Beginning at the line that holds "La solution pour" and continuing to the last line of the data below, transcribe every line word for word, without pictures.

* **GIVEN DATA**
↓
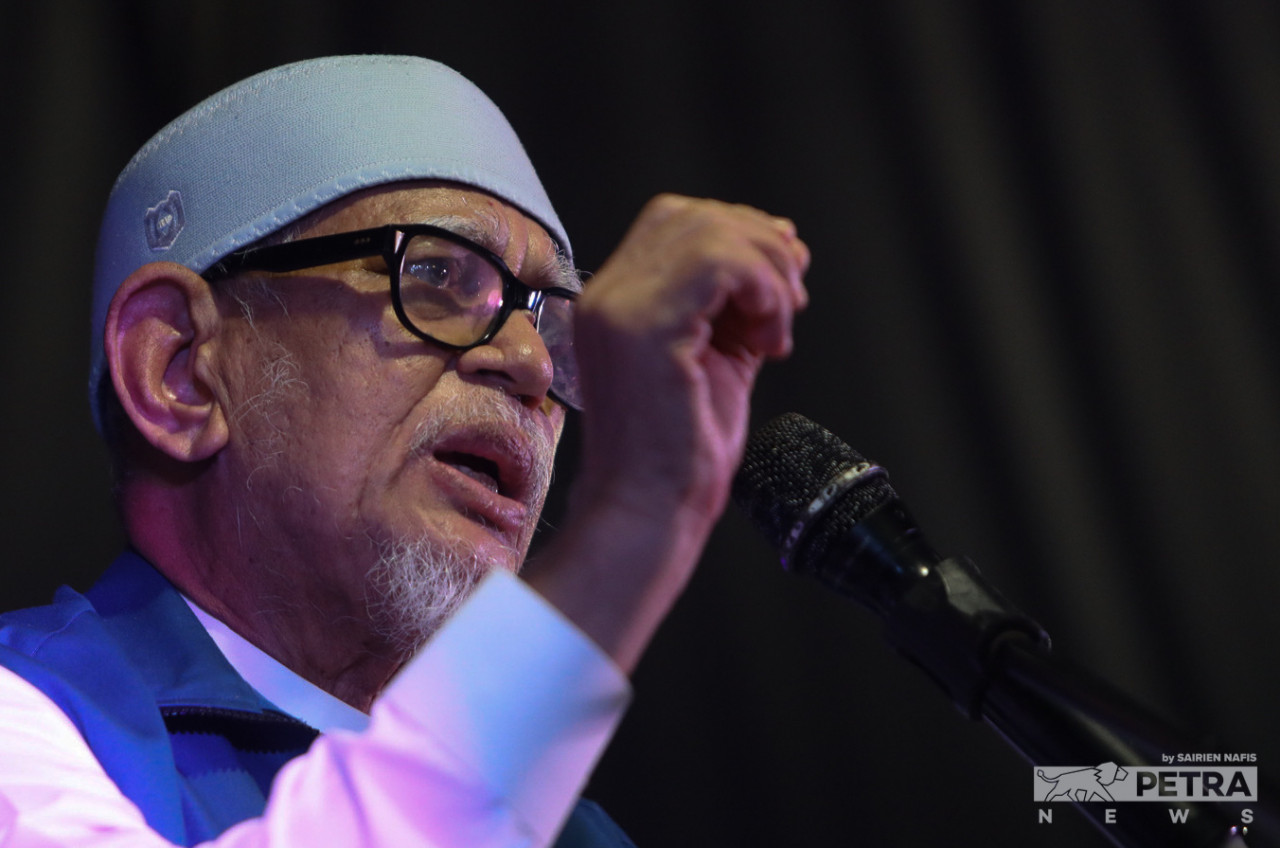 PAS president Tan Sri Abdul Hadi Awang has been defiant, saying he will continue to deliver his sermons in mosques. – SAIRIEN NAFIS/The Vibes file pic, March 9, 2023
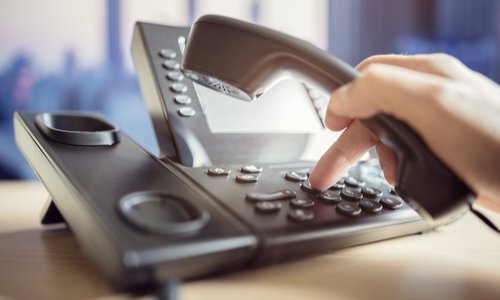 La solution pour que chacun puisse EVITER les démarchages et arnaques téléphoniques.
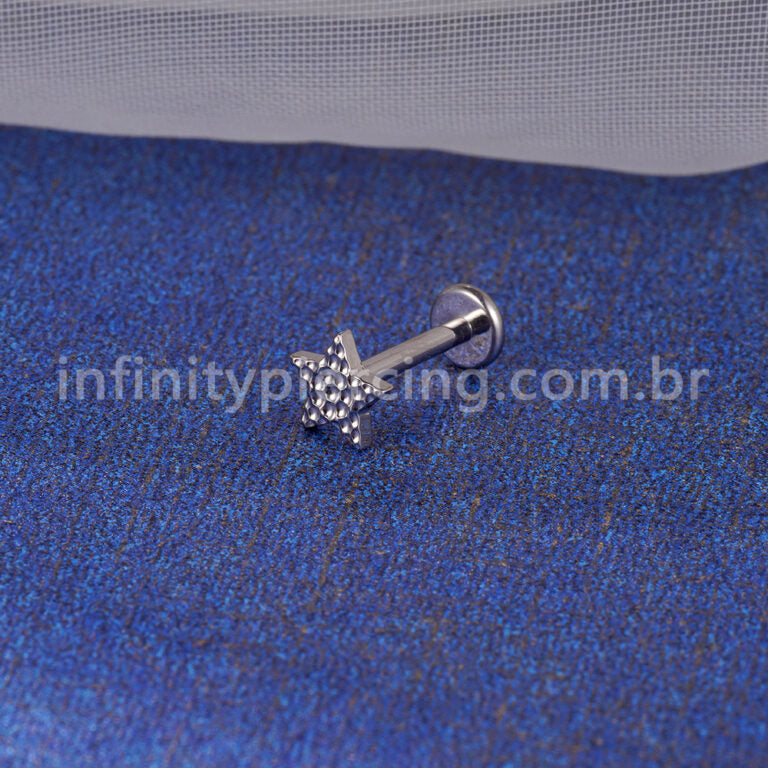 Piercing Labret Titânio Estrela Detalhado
↑
* **RESPONSE FOR THIS EXERCISE**
 La solution pour que chacun puisse EVITER les démarchages et arnaques téléphoniques.
 Piercing Labret Titânio Estrela Detalhado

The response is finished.